▸ TASK BRIEF
Leaving out the pictures, return word for word the stretch of entries below from the line holding "Forté Pharma XtraSlim" through the line holding "Отвертка аккумуляторная ЗУБР".

▸ DATA RECORDS

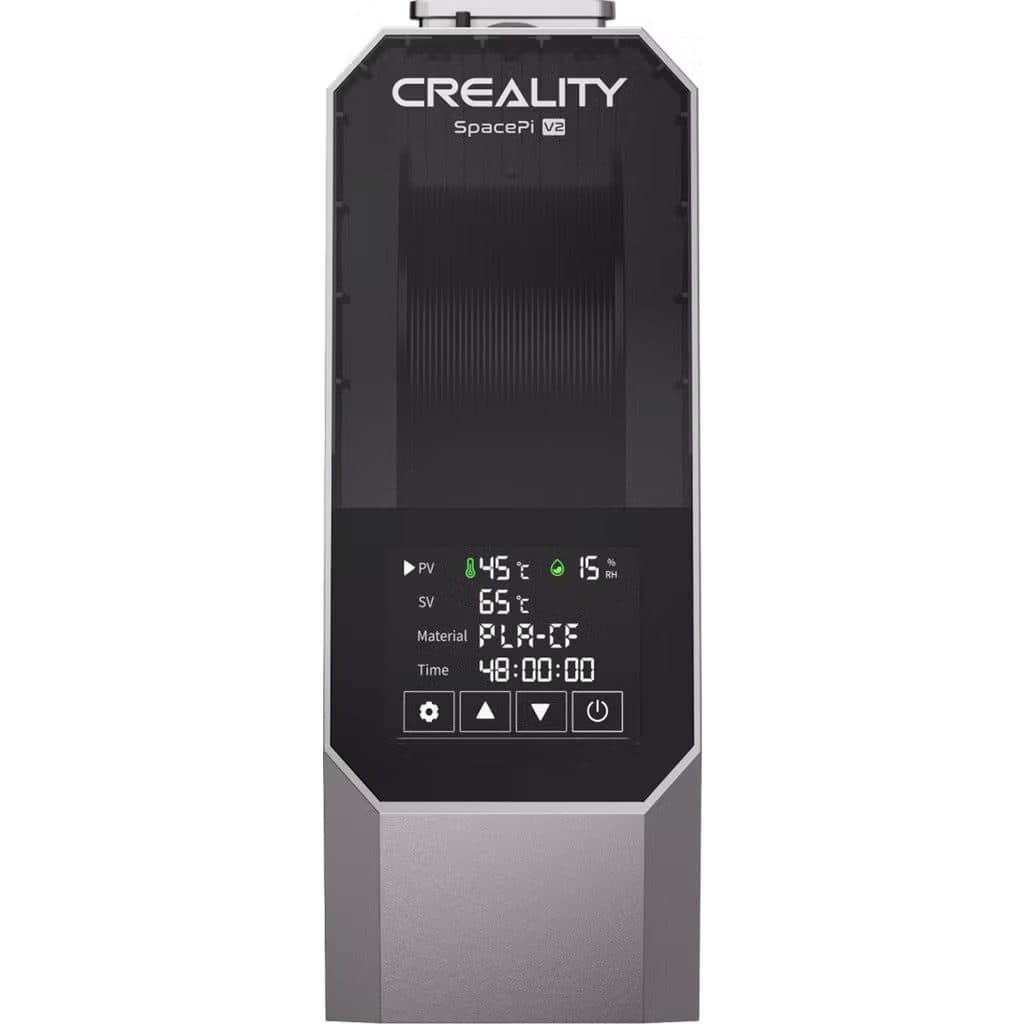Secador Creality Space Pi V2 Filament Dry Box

* * *

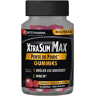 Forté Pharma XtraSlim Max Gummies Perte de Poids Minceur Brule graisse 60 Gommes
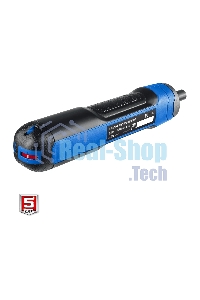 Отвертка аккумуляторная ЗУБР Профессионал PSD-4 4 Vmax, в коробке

▸ FINAL ANSWER
 Forté Pharma XtraSlim Max Gummies Perte de Poids Minceur Brule graisse 60 Gommes
 Отвертка аккумуляторная ЗУБР Профессионал PSD-4 4 Vmax, в коробке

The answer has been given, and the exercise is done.